I am from the UK and applying for a permanent skilled visa to Australia which is being sponsored by the Victorian State Government. I have been invited to apply for the visa and in the process of getting my health assessment and police checks sorted out (though I haven't been assigned a Case Officer yet).

My visa is 190 and I am using the online immiAccount to apply. I just have a a few questions about uploading documents.

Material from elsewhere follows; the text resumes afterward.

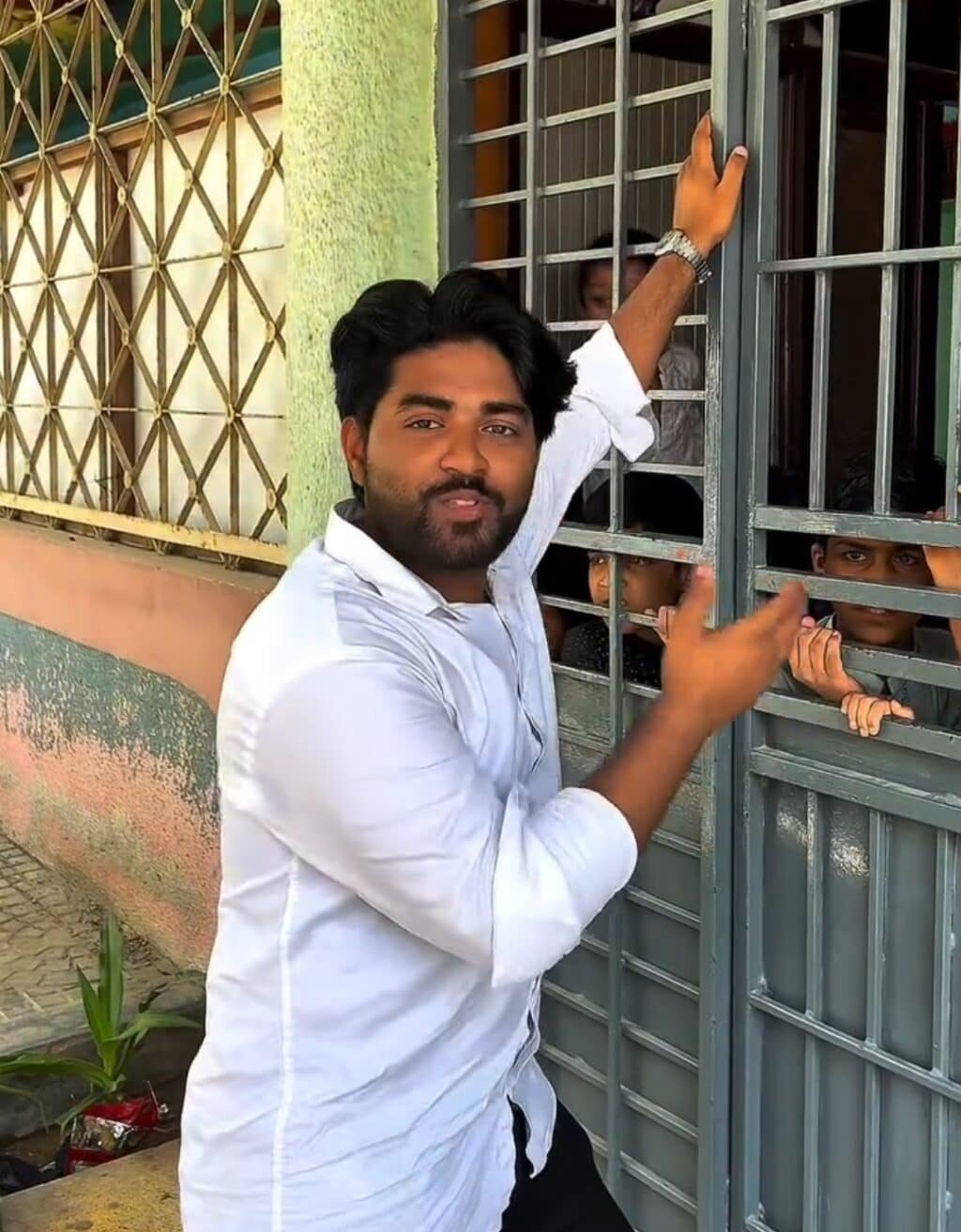 مشہور یوٹیوبر نے پریشان کن ویڈیو میں ایدھی چائلڈ ہوم کو بے نقاب کیا۔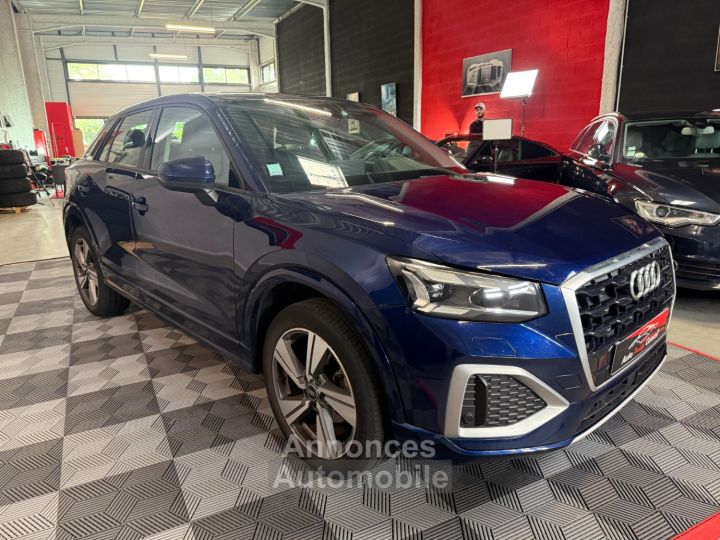 Audi Q2 35 TFSI 150 S tronic 7 Design Luxe - 5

Questions 1) I've seen a few posts around the internet (dated in April 2014) suggesting that:

- a colour scan of original documents is accepted by the DIBP
OR
- certified BLACK AND WHTE photocopies of original documents

Is this still true? 

The Australian Immigration website doesn't mention anything about colour scan copies being accepted anywhere on its site so I have no idea where this information has come from. This is the only information that I could find which states that all documents need to be certified copies as stated below:



> Every visa application requires various supporting documents such as birth certificates, marriage certificates, proof of identity etc.
> 
> Unless asked to do otherwise, you should provide 'certified copies' of original documents, rather than the original documents.
> 
> ...


So does that mean I can upload the following as full colour WITHOUT it being certified?

IELTS certificate
Police Certificate from Australia
Police Certificate from the UK
Birth Certificate
Passport (photo page)
Skills Assessment letter from Australian Computer Society

Question 2) I am assuming that the Medical Assessment is done automatically online and no document needs to be uploaded for that?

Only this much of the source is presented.